The obstacle to implementation of the policies that we already know to maximize welfare is a lack of state capacity, both physical and political. Although more visible in poorer countries with weak and unstable governments, this assertion is no less true of wealthy democracies. In the United States, for example, the current inability of government to do as much as build a bus stop is the result of decades of bipartisan bureaucratic evisceration and the outsourcing of core government functions to nonprofits—it is irrelevant that the US boasts the world’s best funded philanthropies if the government cannot realize its massive potential to improve standards of living. How much would this dynamic worsen in a world where smart young people are discouraged from entering public service due to its low earning potential and where the flow of capital, human and financial, to the nonprofit sector leaves fewer resources for the government? 

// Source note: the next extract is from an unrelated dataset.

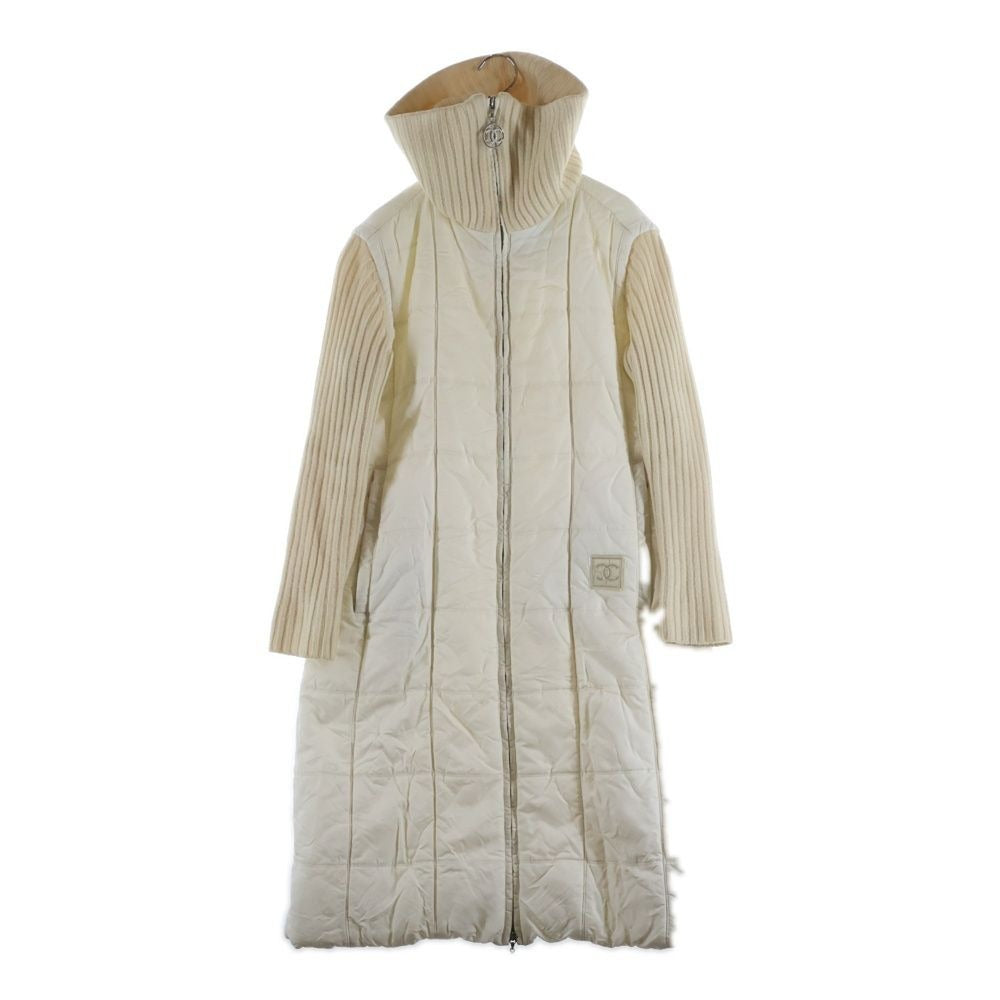 Chanel Sports Coat White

It is certainly possible that this privatization of progress reflects a certain realism within effective altruist circles. They may be understandably unable to imagine governments which toy with global financial crisis, risibly mismanage their finances, and repopulate themselves with tyrants transforming society for the better. These are grounded concerns; enacting change through political institutions is often extremely difficult. But on a large scale, nonprofit action simply cannot compare to the potential of the state to improve wellbeing. 

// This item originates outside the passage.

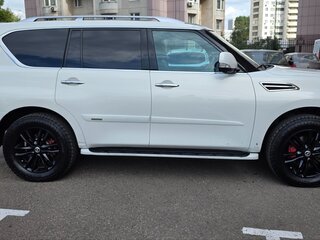 2012 Nissan Patrol VI (Y62), белый, 2400000 рублей, вид 3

Governments and the social contract exist at least in part because voluntary, everyone-wins cooperation can only take a society so far. Maximizing welfare necessitates compelling behavior and implementing policies that, despite being positive-sum, will have losers. A theory of societal improvement that places philanthropy at its core neglects the most effective tool at humanity’s disposal for the realization of altruistic ideals. Boring through hard boards may well be a frustratingly arduous exercise, but in the absence of any other plausible way to put holes in a piece of wood, that is no reason to stop drilling. Effective altruism’s focus on voluntary efforts to increase social welfare, the quality that gives it its unique moral appeal, ultimately dooms the efficacy of the approach on a large scale. 

Perhaps the best unification of these criticisms of effective altruism is that the theory seems designed for only a single follower. Its prescriptions, while possibly reasonable in terms of marginal analysis, are unworkable at scale. But when advocating for the widespread adoption of a moral theory, the world it would create if a substantial portion of the populace embraced it is a critical consideration. 

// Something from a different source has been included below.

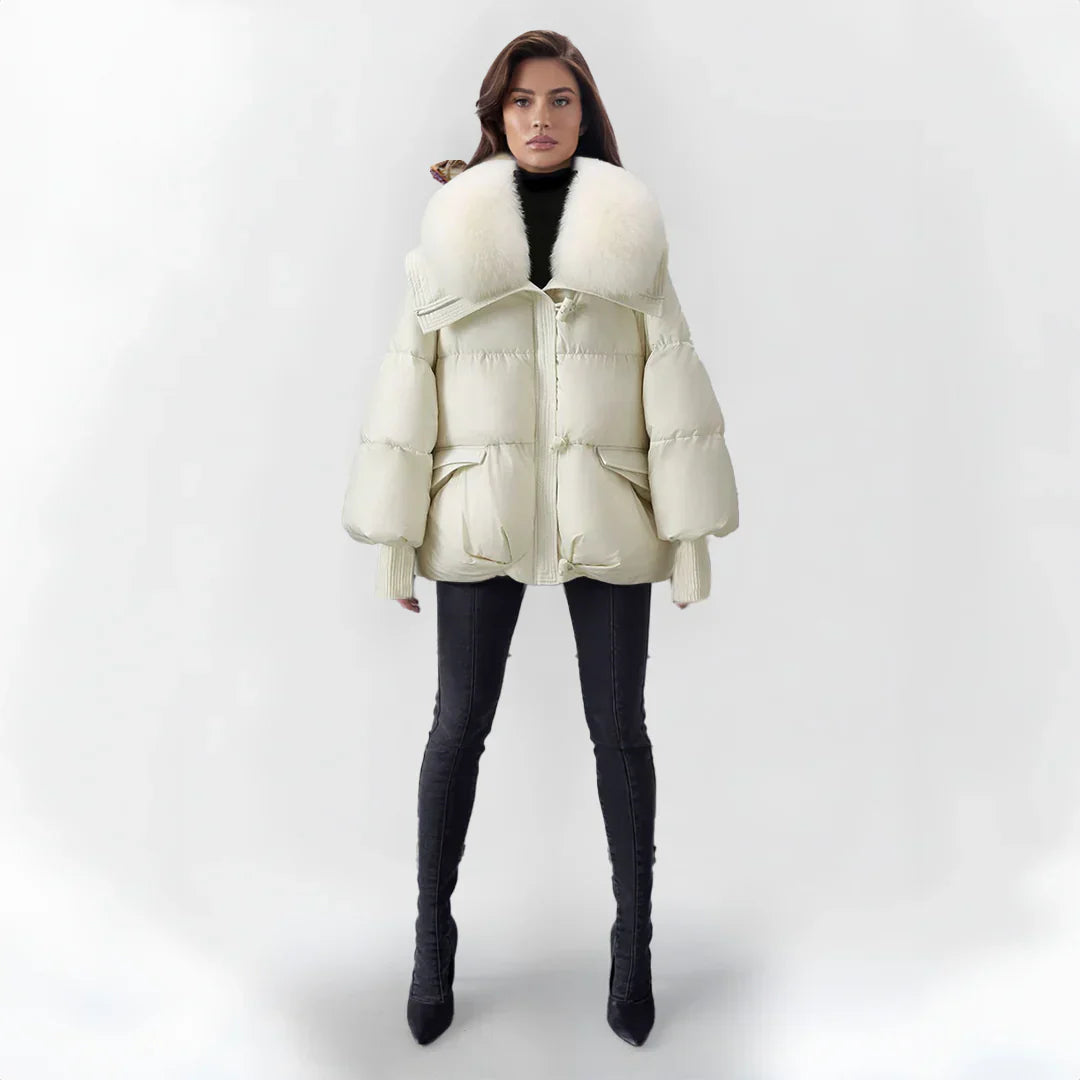 Genevieve - Glam Puffer Jacket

Ultimately, whether due to these diseconomies or to the various other criticisms surfaced in this article, effective altruism fails to add meaningfully to existing conceptions of how individuals can use their life to benefit others. If you want your career to be a force for good, choose a career that makes the world a better place. If you think societal action oriented towards solving the world’s problems is desirable, vote for it, or even better, take a public service job and work for it. Effective altruism’s attempts to create end runs around these truths may be the source of its appeal, but as a philosophy, they are also its downfall.